Captioned web images:
****

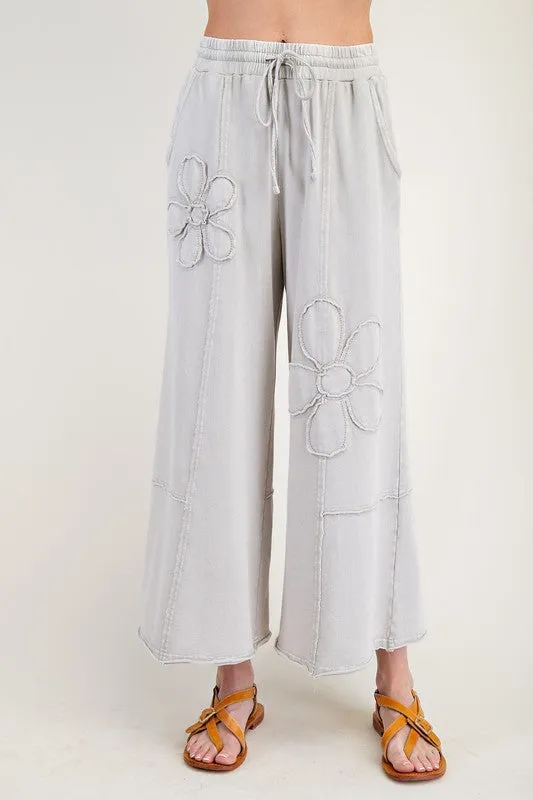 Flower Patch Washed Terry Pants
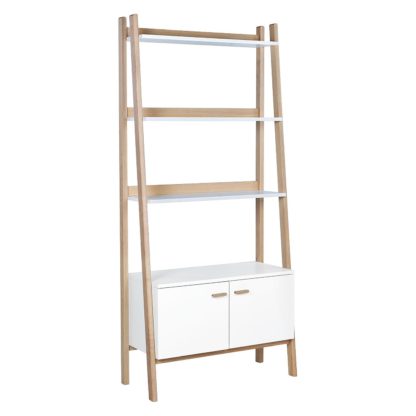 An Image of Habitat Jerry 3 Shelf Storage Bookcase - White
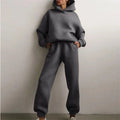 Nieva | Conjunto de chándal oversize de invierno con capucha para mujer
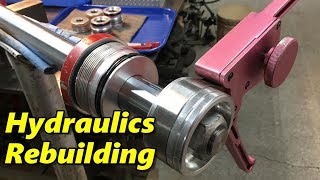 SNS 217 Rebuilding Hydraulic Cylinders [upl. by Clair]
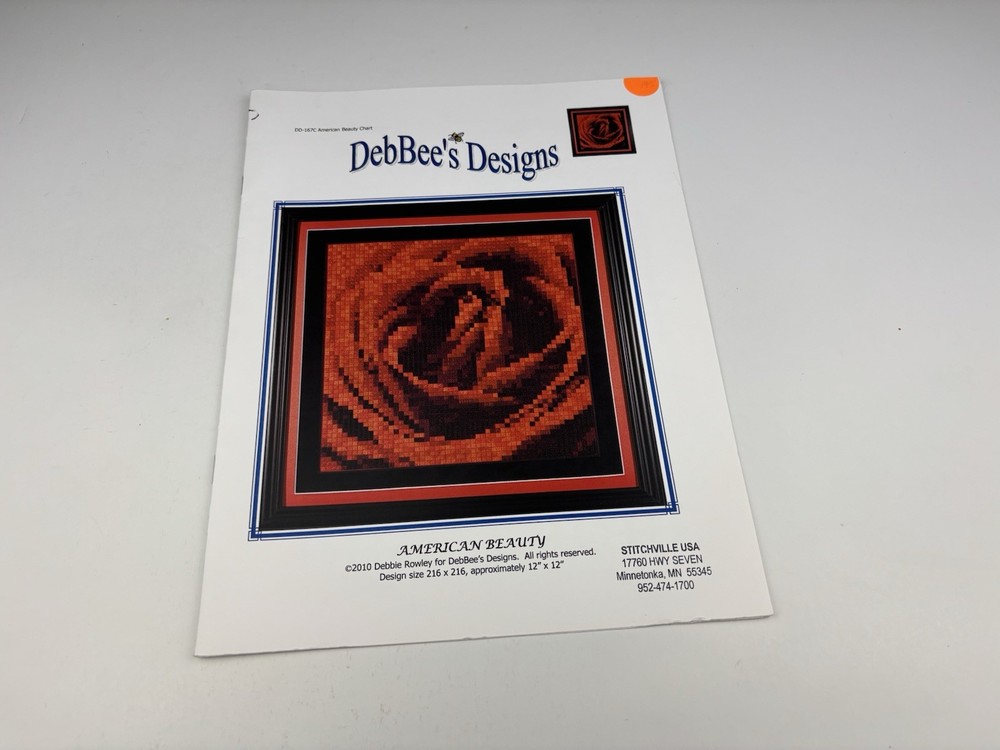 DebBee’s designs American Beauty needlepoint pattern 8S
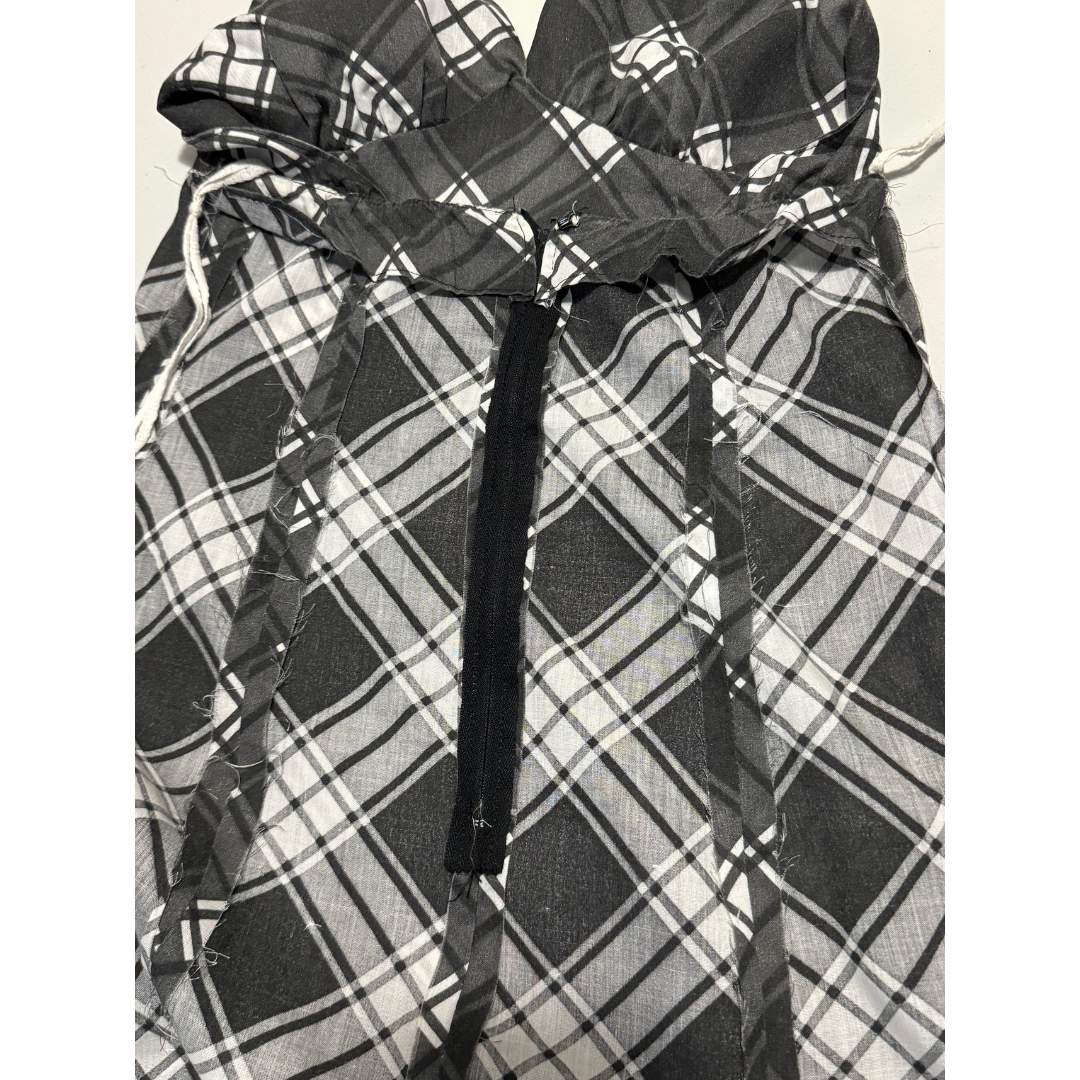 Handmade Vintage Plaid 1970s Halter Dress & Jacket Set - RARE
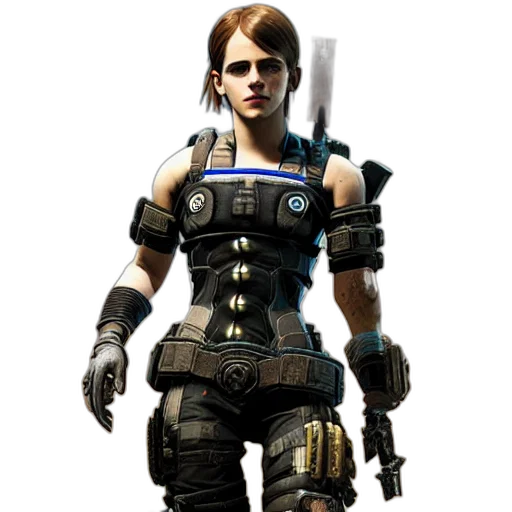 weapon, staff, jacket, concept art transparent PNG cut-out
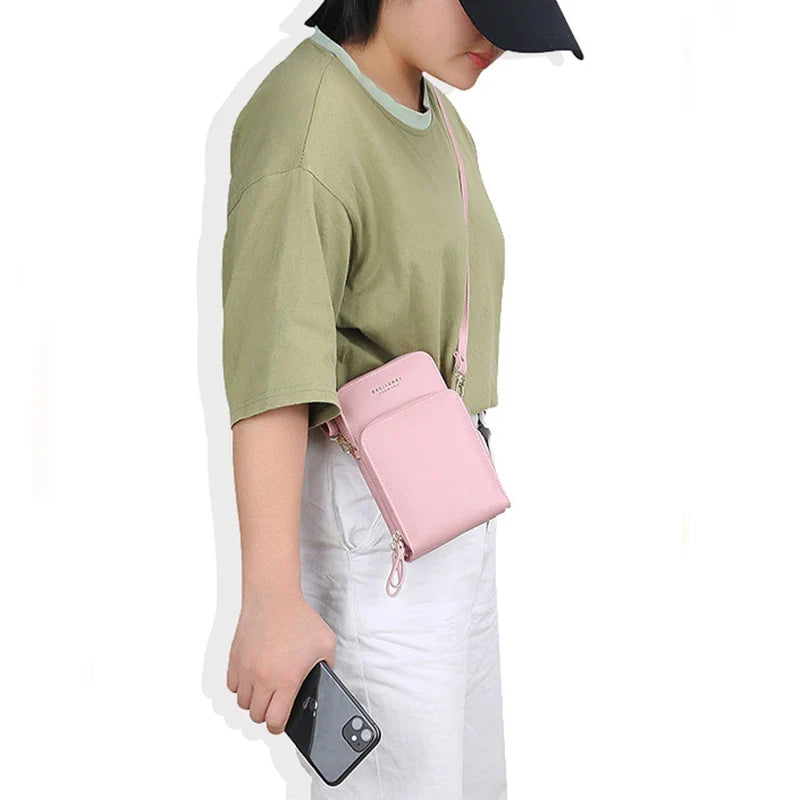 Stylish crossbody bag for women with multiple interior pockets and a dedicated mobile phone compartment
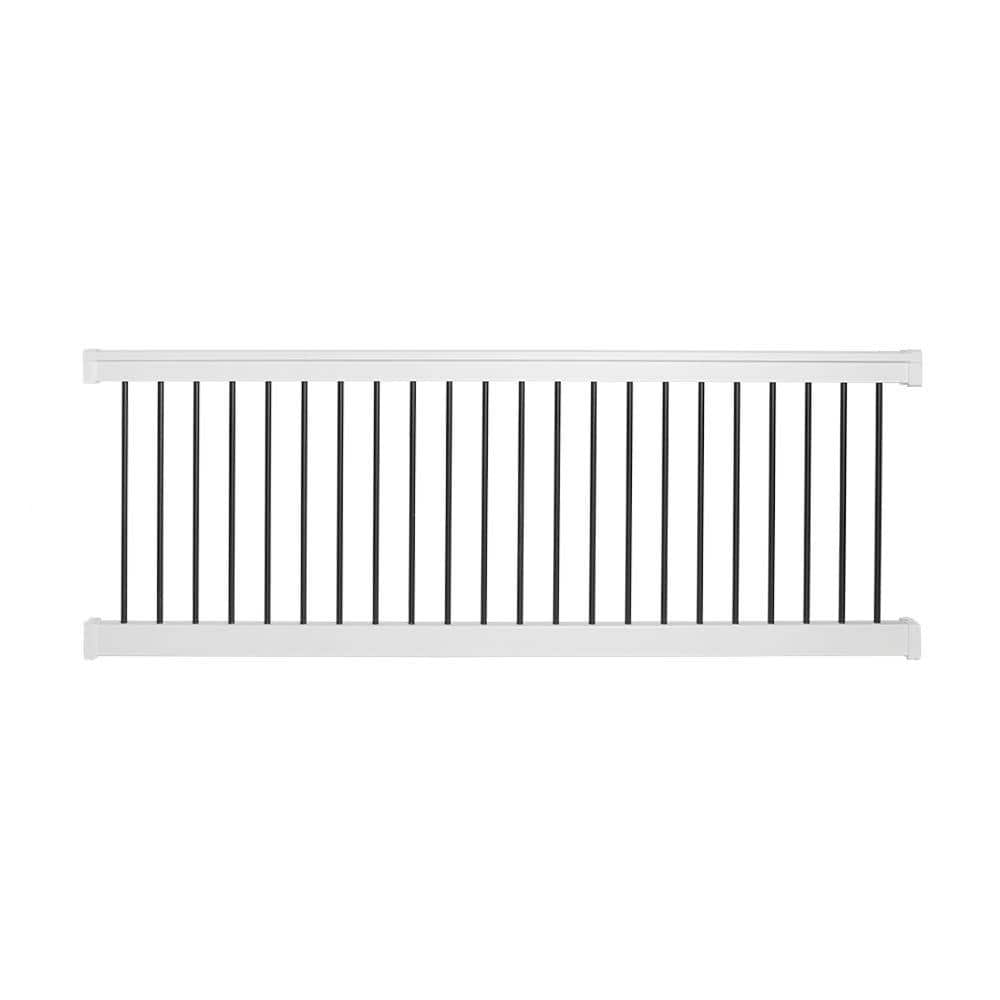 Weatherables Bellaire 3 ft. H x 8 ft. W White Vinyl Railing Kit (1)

****

WHAT YOU SHOULD DO:
The exact lines from the one containing "SNS 217 Rebuilding" through the end of the data are to be copied, with both ends kept and pictures left out.

WRITTEN ANSWER:
 SNS 217 Rebuilding Hydraulic Cylinders [upl. by Clair]
 DebBee’s designs American Beauty needlepoint pattern 8S
 Handmade Vintage Plaid 1970s Halter Dress & Jacket Set - RARE
 weapon, staff, jacket, concept art transparent PNG cut-out
 Stylish crossbody bag for women with multiple interior pockets and a dedicated mobile phone compartment
 Weatherables Bellaire 3 ft. H x 8 ft. W White Vinyl Railing Kit (1)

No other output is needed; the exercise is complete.